ABSTRACT

From the earliest days of cinema, there has been a close relationship between cinema and theatre. True, there was a tendency from the beginning to regard cinema as, par excellence, a realist medium. Lumière's short films of, say, a train entering the station at La Ciotat startled audiences into recognising the then unique power of cinema, which surpassed theatre in its ability not merely to represent but to record, and which surpassed photography by the addition of time, space and movement. Yet, at the same time as Lumière was photographing apparently unstaged events, another Frenchman, Méliès, saw cinema's potential as that of augmenting the marvels of theatre, or more particularly of the music hall. His aim was to outstrip the music-hall conjuror with the trompe-l'oeil trickery opened up by such cinematic techniques as editing.
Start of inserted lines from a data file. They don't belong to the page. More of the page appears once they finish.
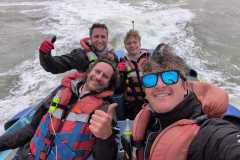 A happy race team - photo credit: Bligh Julius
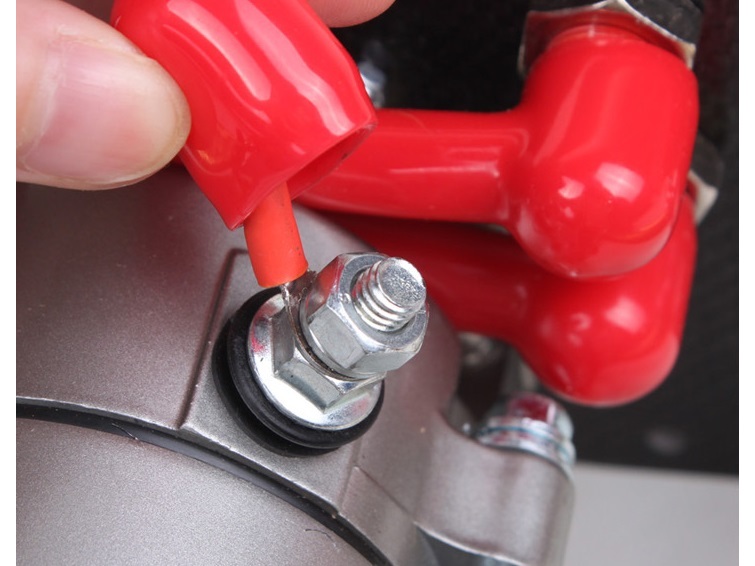 Elektro-Starter für 80-250ccm Motoren, 12V – Bild 4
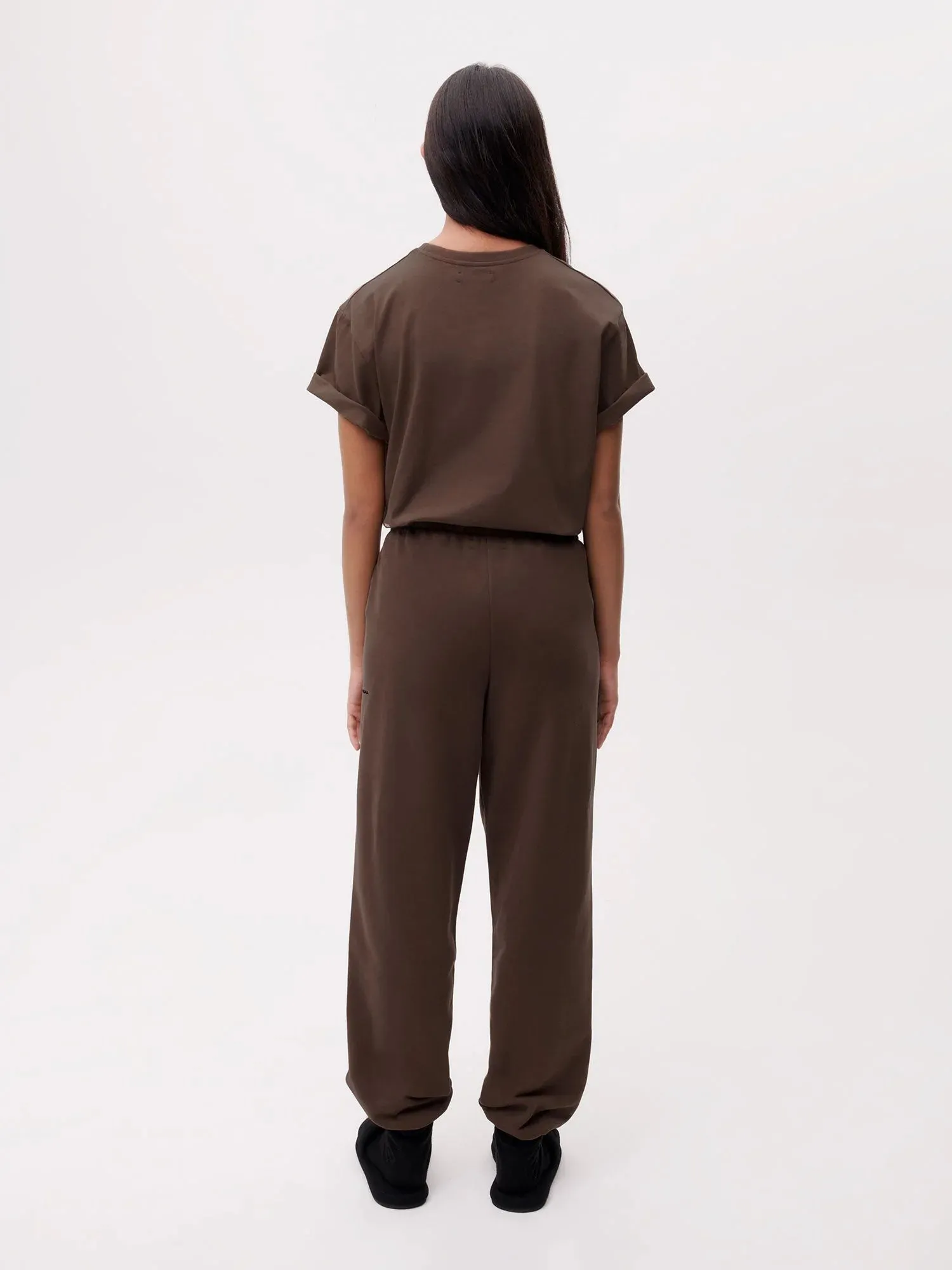 365 Track Pants - Neutral Tones—chestnut brown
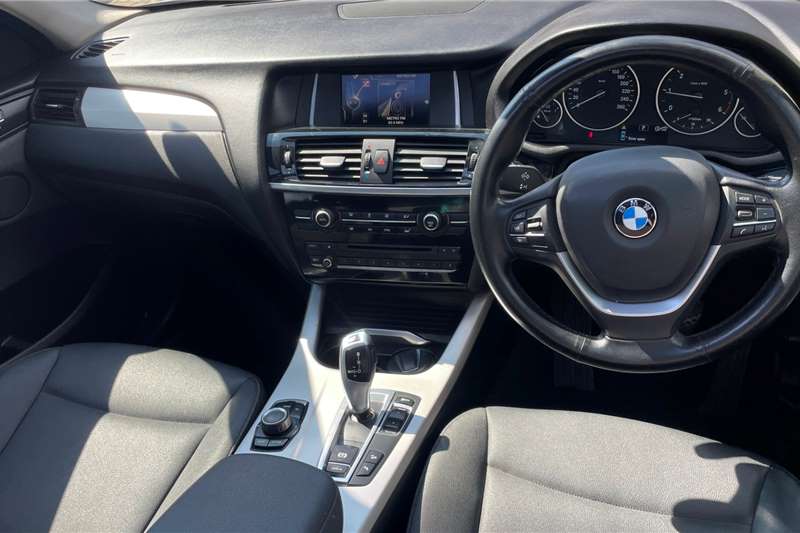 Used 2016 BMW X3 xDRIVE20d A/T (F25)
Rather than photographing everyday events, he would film his actors on such then fantastic exploits as a trip by rocket to the moon. Film studies, thanks to André Bazin, however, are inclined to question whether the seeming dichotomy between these kinds of cinema is valid. In Bazin's view, there is an essential realism in the medium of cinema which is as important in audience reception of the fantasy film as of the documentary. While Bazin's conception of cinema's essence has been repeatedly attacked by semioticians, for example, his questioning of the traditional Lumière/Méliès dichotomy remains valuable. If Méliès should be identified with what might loosely be termed a theatrical tendency in cinema, even Bazin's essentialism does not prevent the accommodation of both the theatrical and documentary tendencies under the heading of ‘true’ (for Bazin, realist) cinema. Moreover, it has been argued by Vardac 1 , for example, that nineteenth-century drama and staging were marked by a striving towards a union of romanticism and realism, by which the glamorous or spectacular-ideas of playwrights were to be rendered credible in performance. If this is so, cinema in its beginnings can be discerned as the fulfilment and extension of romantic — realist stage practice. Not only need there be no unbridgeable gulf between theatre and cinema, but Méliès' sort of cinema is thus born from the dreams and needs of dramatists and stage directors.